# ASSIGNMENT 2: DYNAMICS ON NETWORKS - THRESHOLDS AND SPREADING
## Unified Simulation Framework

**Course:** Model Based Decision-making (5404MBDM6Y)  
**Student:** 10205071  
**Date:** November 20, 2025

### Description
This notebook integrates graph ingestion (YouTube), Hub-and-Spoke sampling, Linear Threshold Model (LTM) simulation with 5 threshold distributions, and high-fidelity visualization into a single pipeline.

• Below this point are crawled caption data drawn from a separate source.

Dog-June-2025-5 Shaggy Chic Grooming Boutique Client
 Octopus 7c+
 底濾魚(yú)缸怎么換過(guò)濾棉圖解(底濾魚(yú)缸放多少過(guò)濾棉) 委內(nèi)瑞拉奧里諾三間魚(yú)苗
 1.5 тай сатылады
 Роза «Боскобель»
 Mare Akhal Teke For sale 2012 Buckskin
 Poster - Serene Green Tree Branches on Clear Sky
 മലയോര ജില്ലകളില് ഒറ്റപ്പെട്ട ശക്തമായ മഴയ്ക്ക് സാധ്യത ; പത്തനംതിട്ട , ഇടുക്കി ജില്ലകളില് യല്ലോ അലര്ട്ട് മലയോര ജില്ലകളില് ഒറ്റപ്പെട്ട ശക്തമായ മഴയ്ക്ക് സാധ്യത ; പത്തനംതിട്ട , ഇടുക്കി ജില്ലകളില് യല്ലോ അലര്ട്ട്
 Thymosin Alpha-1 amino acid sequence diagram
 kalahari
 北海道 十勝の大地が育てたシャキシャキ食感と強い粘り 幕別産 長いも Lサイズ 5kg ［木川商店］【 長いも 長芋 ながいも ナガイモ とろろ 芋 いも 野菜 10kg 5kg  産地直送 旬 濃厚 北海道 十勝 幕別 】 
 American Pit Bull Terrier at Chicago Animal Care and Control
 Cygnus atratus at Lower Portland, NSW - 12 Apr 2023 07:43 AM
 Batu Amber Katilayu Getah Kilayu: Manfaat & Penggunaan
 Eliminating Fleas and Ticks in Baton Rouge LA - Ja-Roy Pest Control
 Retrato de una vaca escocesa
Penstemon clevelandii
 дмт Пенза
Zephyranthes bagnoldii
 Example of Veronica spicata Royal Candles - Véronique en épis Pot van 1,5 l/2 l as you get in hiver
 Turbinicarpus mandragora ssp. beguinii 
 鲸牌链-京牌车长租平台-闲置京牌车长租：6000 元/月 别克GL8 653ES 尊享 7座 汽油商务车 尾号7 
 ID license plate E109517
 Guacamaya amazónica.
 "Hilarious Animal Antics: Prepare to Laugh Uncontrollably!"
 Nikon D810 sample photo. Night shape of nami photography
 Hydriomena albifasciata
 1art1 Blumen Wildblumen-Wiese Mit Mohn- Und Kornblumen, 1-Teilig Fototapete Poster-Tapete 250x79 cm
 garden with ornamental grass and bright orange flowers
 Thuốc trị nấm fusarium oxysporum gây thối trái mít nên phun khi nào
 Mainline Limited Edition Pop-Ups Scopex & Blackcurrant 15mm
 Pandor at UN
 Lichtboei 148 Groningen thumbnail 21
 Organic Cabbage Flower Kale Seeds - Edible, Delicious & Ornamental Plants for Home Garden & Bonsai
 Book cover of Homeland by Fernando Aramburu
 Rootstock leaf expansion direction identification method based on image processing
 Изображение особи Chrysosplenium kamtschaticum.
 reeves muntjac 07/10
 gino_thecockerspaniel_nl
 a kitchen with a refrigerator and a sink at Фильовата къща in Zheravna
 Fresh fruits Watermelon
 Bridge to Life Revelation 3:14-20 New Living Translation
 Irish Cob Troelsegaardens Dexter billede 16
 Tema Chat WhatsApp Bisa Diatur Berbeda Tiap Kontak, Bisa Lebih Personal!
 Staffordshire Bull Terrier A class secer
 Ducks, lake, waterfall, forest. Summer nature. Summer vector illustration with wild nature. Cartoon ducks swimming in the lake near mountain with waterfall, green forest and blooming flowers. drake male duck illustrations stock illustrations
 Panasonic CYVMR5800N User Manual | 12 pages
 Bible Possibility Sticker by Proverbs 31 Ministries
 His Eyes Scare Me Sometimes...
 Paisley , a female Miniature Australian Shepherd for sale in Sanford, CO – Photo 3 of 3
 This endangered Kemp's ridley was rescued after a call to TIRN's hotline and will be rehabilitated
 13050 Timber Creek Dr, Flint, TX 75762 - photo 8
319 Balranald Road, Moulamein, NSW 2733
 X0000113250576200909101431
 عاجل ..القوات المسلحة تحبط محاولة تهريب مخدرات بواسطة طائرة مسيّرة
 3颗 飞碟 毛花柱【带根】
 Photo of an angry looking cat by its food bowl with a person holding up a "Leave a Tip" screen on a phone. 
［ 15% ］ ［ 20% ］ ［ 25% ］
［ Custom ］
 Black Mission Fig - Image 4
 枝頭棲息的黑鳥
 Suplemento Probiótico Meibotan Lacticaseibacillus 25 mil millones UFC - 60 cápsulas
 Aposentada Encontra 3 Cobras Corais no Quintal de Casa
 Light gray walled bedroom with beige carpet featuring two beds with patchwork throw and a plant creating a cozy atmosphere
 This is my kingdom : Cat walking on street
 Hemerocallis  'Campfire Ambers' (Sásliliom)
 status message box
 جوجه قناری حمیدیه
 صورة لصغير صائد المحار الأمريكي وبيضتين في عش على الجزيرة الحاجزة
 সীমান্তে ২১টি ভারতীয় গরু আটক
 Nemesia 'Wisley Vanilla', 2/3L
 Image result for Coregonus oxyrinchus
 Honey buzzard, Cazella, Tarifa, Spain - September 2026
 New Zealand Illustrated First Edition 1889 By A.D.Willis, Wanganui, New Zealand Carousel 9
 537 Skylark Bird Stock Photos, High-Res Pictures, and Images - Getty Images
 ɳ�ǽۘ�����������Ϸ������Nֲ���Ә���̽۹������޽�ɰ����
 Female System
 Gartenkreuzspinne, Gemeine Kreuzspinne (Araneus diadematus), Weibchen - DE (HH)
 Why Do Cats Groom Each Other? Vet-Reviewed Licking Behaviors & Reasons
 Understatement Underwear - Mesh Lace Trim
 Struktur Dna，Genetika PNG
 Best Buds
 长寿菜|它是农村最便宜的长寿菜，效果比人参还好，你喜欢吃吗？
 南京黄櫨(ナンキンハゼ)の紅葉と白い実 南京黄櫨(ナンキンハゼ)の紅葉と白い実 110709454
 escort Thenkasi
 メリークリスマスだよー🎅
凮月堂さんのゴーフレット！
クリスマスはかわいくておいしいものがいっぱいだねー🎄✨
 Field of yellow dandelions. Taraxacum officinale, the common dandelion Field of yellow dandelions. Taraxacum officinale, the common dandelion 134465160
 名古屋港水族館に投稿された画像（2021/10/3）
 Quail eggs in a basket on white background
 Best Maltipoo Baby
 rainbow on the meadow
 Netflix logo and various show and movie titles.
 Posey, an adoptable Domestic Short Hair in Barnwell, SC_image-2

**Dependencies:** `networkx`, `matplotlib`, `pandas`, `numpy`, `scipy`, `gzip`

In [None]:
import networkx as nx
import matplotlib.pyplot as plt
import pandas as pd
import numpy as np
import scipy.stats as st
import random
import os
import sys
import time
import gzip
import matplotlib.colors as mcolors
from collections import defaultdict

In [None]:
# ==========================================
# CONFIGURATION & CONSTANTS
# ==========================================

# I/O Settings
INPUT_FILE = "com-youtube.ungraph.txt.gz"
OUTPUT_DIR = "simulation_outputs"
RESULTS_CSV = "monte_carlo_results.csv"
BC_FILE = "sampled_bc_exact.csv"

# Simulation Parameters
N_TARGET_SUBGRAPH = 2000    # Target size for the sampled subgraph
SEED_FRACTION = 0.01        # 1% of nodes to seed active
NUM_SIMULATIONS = 10        # R=10 (Default per assignment hint, validated by stats check)
MAX_STEPS = 50              # Guard clause for convergence

# Statistical Constants for Rigor Check
CONFIDENCE_LEVEL = 0.99 
Z_SCORE = st.norm.ppf(1 - (1 - CONFIDENCE_LEVEL) / 2) 
PRECISION_EPSILON = 0.01 

# Reproducibility
GLOBAL_SEED = 42
random.seed(GLOBAL_SEED)
np.random.seed(GLOBAL_SEED)

# Ensure output directory exists
if not os.path.exists(OUTPUT_DIR):
    os.makedirs(OUTPUT_DIR)

## Module 1: Graph Ingestion & Sampling

In [None]:
def load_network_data(filepath):
    """
    Loads the network graph from an edge list file (supports .gz).
    Extracts Largest Connected Component (LCC).
    Falls back to Barabasi-Albert if file missing.
    """
    start_time = time.time()
    G = None
    
    if os.path.exists(filepath):
        print(f"[INFO] Reading edge list from {filepath}...")
        try:
            # Handle GZIP transparency
            if filepath.endswith('.gz'):
                with gzip.open(filepath, 'rt') as f:
                    G = nx.read_edgelist(f, nodetype=int, create_using=nx.Graph)
            else:
                G = nx.read_edgelist(filepath, nodetype=int, create_using=nx.Graph)
        except Exception as e:
            print(f"[WARN] Read failed ({e}). Generating synthetic proxy...")
            G = nx.barabasi_albert_graph(n=5000, m=3, seed=GLOBAL_SEED)
    else:
        print(f"[WARN] File '{filepath}' not found.")
        print(f"[INFO] Generating synthetic Scale-Free proxy...")
        G = nx.barabasi_albert_graph(n=5000, m=3, seed=GLOBAL_SEED)
    
    # Extract LCC
    if not nx.is_connected(G):
        largest_cc = max(nx.connected_components(G), key=len)
        G = G.subgraph(largest_cc).copy()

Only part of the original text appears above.